**Exercise goal:** Beginning with the line containing "Screencast O Matic", write out each line exactly through the end of the listing, and skip all pictures.

**Data provided:**

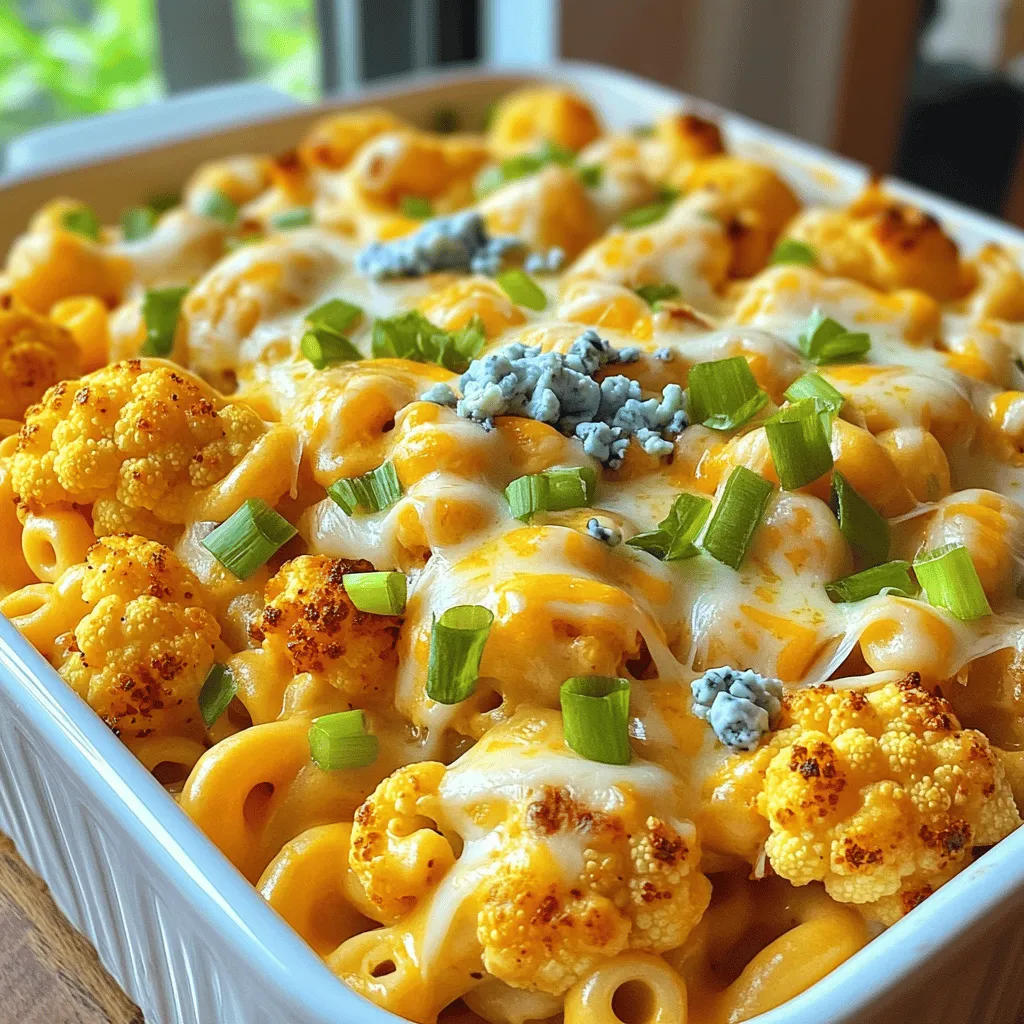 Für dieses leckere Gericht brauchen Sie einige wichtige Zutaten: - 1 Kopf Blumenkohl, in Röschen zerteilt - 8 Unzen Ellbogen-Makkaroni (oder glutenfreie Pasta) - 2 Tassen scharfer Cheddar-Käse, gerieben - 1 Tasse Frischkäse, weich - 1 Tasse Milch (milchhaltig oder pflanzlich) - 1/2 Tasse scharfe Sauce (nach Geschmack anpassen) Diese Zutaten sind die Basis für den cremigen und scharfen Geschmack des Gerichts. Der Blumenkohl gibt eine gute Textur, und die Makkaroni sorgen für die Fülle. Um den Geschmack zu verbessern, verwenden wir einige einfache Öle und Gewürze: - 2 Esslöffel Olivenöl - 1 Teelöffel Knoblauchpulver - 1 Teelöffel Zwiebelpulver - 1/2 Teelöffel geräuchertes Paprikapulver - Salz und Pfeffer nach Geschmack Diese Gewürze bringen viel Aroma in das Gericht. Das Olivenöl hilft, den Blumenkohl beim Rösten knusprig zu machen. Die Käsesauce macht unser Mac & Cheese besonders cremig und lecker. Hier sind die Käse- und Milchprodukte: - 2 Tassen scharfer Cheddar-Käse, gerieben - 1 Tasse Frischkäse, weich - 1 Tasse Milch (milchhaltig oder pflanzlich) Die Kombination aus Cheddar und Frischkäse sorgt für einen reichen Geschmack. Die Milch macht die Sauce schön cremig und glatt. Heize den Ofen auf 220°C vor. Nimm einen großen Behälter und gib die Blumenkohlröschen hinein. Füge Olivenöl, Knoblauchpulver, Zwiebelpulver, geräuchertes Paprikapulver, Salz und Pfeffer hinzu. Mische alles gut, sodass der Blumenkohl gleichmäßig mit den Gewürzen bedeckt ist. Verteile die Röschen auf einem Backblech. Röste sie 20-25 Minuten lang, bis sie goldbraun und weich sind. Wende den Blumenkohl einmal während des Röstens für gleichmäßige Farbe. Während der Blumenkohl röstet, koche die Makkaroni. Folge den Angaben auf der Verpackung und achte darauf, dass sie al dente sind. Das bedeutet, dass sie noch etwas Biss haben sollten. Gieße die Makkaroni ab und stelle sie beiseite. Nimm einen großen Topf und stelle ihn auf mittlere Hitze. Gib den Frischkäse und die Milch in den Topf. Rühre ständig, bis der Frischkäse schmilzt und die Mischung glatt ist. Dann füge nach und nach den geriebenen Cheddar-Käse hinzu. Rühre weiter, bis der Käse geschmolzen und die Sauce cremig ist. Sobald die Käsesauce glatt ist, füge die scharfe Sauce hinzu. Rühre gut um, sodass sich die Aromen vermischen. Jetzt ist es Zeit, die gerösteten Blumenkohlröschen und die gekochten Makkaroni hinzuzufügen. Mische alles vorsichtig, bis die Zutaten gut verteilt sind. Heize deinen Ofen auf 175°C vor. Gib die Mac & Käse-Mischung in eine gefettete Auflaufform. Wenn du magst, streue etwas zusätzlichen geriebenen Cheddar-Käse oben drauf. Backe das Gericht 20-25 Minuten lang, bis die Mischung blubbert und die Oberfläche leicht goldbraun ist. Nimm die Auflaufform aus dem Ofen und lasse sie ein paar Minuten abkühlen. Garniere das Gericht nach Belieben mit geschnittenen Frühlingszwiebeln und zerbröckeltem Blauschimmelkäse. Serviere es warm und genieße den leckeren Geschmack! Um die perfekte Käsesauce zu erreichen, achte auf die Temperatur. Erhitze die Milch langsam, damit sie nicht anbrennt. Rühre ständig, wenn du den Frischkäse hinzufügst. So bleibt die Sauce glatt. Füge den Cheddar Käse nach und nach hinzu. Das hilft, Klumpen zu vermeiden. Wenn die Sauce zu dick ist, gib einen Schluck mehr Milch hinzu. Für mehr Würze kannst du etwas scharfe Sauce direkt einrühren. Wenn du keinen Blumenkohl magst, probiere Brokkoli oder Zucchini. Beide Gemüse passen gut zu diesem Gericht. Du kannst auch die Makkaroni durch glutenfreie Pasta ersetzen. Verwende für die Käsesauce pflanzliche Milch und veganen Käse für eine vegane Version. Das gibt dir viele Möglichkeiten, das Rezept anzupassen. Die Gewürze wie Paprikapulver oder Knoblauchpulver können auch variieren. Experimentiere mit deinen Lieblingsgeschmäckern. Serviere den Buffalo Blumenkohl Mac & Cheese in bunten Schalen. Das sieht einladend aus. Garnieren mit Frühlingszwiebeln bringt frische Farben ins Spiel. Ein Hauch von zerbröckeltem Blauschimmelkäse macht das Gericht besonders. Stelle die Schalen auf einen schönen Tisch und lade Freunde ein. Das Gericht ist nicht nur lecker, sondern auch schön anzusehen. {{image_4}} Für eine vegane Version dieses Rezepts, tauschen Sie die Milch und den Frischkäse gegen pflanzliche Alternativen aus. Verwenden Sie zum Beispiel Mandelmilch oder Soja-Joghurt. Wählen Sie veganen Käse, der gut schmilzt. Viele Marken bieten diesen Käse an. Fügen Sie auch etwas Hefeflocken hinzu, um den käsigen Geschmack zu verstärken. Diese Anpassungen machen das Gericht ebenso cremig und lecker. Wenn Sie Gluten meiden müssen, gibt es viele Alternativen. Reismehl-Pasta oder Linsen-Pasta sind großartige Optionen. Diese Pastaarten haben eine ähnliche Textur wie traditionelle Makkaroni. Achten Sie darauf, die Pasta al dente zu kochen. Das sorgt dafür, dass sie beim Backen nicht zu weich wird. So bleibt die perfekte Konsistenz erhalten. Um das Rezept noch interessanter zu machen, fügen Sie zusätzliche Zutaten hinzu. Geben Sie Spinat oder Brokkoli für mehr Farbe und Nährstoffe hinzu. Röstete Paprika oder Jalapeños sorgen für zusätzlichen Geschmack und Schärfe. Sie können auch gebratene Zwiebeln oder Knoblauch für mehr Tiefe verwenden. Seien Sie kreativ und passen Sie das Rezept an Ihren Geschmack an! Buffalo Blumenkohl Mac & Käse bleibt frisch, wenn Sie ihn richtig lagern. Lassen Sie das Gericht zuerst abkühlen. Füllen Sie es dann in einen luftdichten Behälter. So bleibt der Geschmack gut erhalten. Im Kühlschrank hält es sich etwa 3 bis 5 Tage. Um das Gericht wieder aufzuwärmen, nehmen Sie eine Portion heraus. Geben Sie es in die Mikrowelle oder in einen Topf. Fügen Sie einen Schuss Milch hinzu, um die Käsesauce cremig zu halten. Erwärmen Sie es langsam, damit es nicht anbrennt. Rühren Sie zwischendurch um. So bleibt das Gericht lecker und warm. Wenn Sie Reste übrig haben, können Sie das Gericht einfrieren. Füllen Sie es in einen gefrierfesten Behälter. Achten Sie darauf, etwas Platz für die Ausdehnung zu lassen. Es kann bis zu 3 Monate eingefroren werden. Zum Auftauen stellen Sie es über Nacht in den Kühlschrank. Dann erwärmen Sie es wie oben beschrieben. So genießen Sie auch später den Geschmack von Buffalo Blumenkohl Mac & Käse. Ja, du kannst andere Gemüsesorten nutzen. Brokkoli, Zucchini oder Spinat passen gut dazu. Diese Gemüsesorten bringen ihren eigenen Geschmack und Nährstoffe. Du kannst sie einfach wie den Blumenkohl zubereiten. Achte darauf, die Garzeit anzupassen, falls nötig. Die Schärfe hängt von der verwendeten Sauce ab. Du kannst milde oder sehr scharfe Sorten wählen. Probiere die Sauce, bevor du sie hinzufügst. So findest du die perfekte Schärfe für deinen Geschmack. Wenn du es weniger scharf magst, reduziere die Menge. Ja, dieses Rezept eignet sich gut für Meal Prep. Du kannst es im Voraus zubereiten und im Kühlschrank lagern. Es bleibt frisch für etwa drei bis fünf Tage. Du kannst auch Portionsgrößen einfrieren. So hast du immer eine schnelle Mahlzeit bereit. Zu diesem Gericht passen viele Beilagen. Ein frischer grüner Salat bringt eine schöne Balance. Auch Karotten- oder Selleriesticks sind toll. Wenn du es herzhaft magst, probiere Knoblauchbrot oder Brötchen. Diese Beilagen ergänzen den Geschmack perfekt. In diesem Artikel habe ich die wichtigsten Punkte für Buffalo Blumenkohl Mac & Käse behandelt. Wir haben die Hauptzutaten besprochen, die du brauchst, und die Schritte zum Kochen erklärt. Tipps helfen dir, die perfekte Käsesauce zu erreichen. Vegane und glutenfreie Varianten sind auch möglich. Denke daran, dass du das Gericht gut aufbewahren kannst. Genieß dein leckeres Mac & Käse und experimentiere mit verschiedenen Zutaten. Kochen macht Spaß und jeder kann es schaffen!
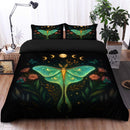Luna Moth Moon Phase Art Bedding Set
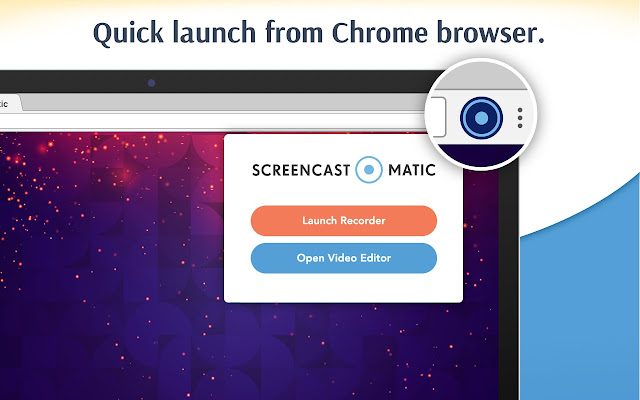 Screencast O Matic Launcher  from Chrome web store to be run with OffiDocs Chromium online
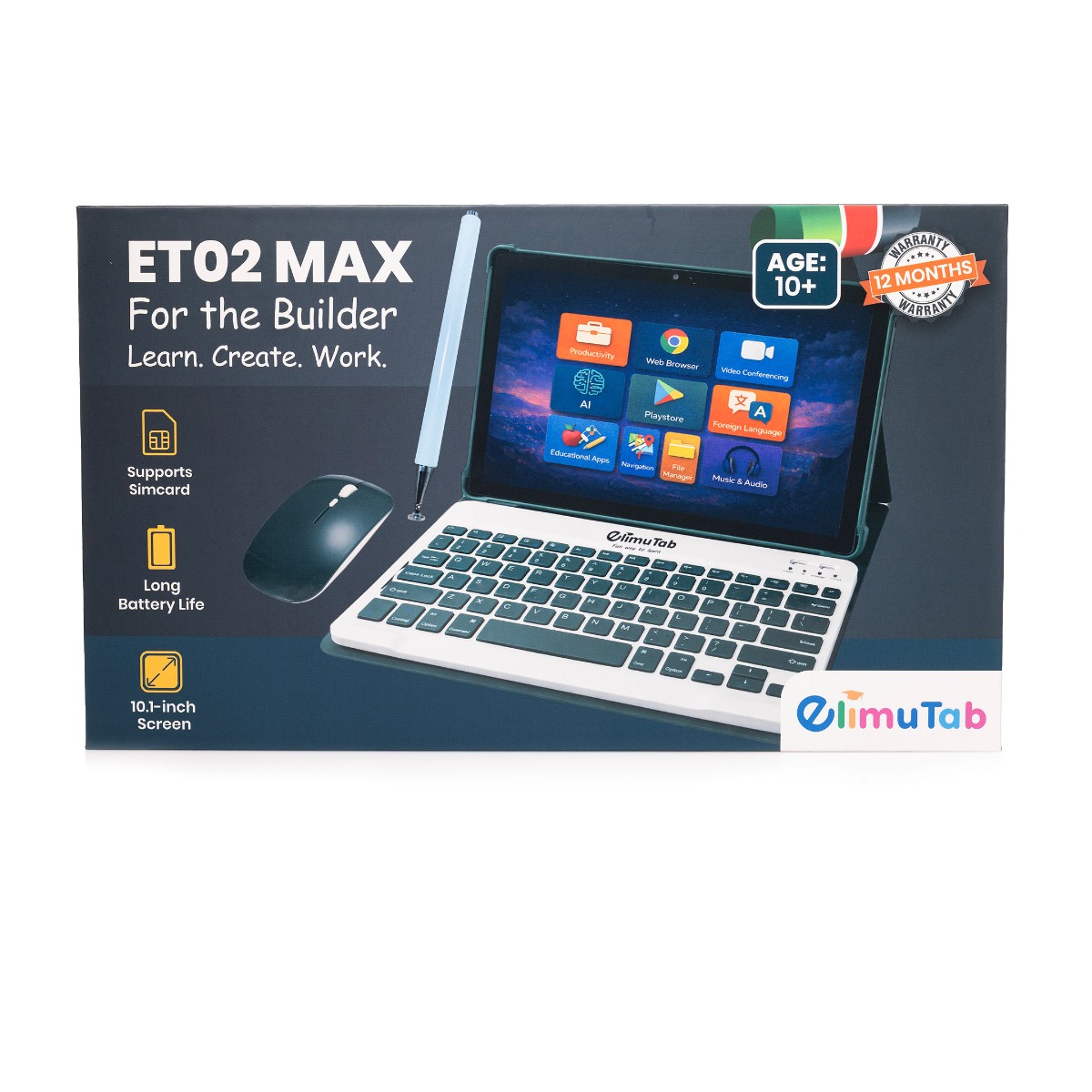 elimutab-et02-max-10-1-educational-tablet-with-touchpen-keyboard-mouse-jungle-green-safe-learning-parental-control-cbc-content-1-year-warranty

**Result of this exercise:**
 Screencast O Matic Launcher  from Chrome web store to be run with OffiDocs Chromium online
 elimutab-et02-max-10-1-educational-tablet-with-touchpen-keyboard-mouse-jungle-green-safe-learning-parental-control-cbc-content-1-year-warranty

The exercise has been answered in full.